→ Try it
Send every record back word for word.

→ Material shown
------

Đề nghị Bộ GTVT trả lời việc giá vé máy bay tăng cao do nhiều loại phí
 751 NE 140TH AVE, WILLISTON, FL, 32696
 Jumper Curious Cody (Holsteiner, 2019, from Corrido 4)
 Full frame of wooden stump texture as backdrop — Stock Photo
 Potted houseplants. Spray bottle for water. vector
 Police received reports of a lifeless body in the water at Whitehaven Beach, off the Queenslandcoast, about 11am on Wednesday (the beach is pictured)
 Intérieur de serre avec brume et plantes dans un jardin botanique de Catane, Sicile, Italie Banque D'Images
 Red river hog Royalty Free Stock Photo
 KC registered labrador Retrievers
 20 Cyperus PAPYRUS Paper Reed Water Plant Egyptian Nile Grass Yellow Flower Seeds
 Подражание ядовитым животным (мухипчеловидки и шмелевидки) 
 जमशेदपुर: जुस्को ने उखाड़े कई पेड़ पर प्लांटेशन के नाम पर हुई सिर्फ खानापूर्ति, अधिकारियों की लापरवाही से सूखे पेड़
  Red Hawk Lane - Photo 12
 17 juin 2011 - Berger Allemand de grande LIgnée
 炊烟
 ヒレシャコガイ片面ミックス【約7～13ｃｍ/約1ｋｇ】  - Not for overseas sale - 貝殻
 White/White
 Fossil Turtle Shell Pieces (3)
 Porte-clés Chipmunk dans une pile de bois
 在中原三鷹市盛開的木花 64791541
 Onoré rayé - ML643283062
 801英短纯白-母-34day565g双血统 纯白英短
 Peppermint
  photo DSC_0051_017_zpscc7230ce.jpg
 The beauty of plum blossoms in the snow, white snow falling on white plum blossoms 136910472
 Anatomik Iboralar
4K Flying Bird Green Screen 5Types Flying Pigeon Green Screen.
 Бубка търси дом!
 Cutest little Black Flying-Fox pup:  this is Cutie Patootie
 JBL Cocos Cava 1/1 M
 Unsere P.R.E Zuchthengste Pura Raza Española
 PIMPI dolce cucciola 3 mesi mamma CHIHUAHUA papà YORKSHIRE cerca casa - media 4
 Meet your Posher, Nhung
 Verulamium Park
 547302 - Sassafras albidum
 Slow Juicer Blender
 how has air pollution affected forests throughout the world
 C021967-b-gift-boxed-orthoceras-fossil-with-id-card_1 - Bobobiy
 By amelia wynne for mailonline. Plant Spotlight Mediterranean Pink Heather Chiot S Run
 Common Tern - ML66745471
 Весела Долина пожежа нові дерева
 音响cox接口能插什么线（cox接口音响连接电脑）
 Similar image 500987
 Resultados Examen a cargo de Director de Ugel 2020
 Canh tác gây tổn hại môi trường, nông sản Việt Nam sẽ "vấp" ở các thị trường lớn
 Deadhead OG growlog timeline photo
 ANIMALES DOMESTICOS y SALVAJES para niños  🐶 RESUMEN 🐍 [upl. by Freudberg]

------

→ Task solution
Đề nghị Bộ GTVT trả lời việc giá vé máy bay tăng cao do nhiều loại phí
 751 NE 140TH AVE, WILLISTON, FL, 32696
 Jumper Curious Cody (Holsteiner, 2019, from Corrido 4)
 Full frame of wooden stump texture as backdrop — Stock Photo
 Potted houseplants. Spray bottle for water. vector
 Police received reports of a lifeless body in the water at Whitehaven Beach, off the Queenslandcoast, about 11am on Wednesday (the beach is pictured)
 Intérieur de serre avec brume et plantes dans un jardin botanique de Catane, Sicile, Italie Banque D'Images
 Red river hog Royalty Free Stock Photo
 KC registered labrador Retrievers
 20 Cyperus PAPYRUS Paper Reed Water Plant Egyptian Nile Grass Yellow Flower Seeds
 Подражание ядовитым животным (мухипчеловидки и шмелевидки) 
 जमशेदपुर: जुस्को ने उखाड़े कई पेड़ पर प्लांटेशन के नाम पर हुई सिर्फ खानापूर्ति, अधिकारियों की लापरवाही से सूखे पेड़
  Red Hawk Lane - Photo 12
 17 juin 2011 - Berger Allemand de grande LIgnée
 炊烟
 ヒレシャコガイ片面ミックス【約7～13ｃｍ/約1ｋｇ】  - Not for overseas sale - 貝殻
 White/White
 Fossil Turtle Shell Pieces (3)
 Porte-clés Chipmunk dans une pile de bois
 在中原三鷹市盛開的木花 64791541
 Onoré rayé - ML643283062
 801英短纯白-母-34day565g双血统 纯白英短
 Peppermint
  photo DSC_0051_017_zpscc7230ce.jpg
 The beauty of plum blossoms in the snow, white snow falling on white plum blossoms 136910472
 Anatomik Iboralar
4K Flying Bird Green Screen 5Types Flying Pigeon Green Screen.
 Бубка търси дом!
 Cutest little Black Flying-Fox pup:  this is Cutie Patootie
 JBL Cocos Cava 1/1 M
 Unsere P.R.E Zuchthengste Pura Raza Española
 PIMPI dolce cucciola 3 mesi mamma CHIHUAHUA papà YORKSHIRE cerca casa - media 4
 Meet your Posher, Nhung
 Verulamium Park
 547302 - Sassafras albidum
 Slow Juicer Blender
 how has air pollution affected forests throughout the world
 C021967-b-gift-boxed-orthoceras-fossil-with-id-card_1 - Bobobiy
 By amelia wynne for mailonline. Plant Spotlight Mediterranean Pink Heather Chiot S Run
 Common Tern - ML66745471
 Весела Долина пожежа нові дерева
 音响cox接口能插什么线（cox接口音响连接电脑）
 Similar image 500987
 Resultados Examen a cargo de Director de Ugel 2020
 Canh tác gây tổn hại môi trường, nông sản Việt Nam sẽ "vấp" ở các thị trường lớn
 Deadhead OG growlog timeline photo
 ANIMALES DOMESTICOS y SALVAJES para niños  🐶 RESUMEN 🐍 [upl. by Freudberg]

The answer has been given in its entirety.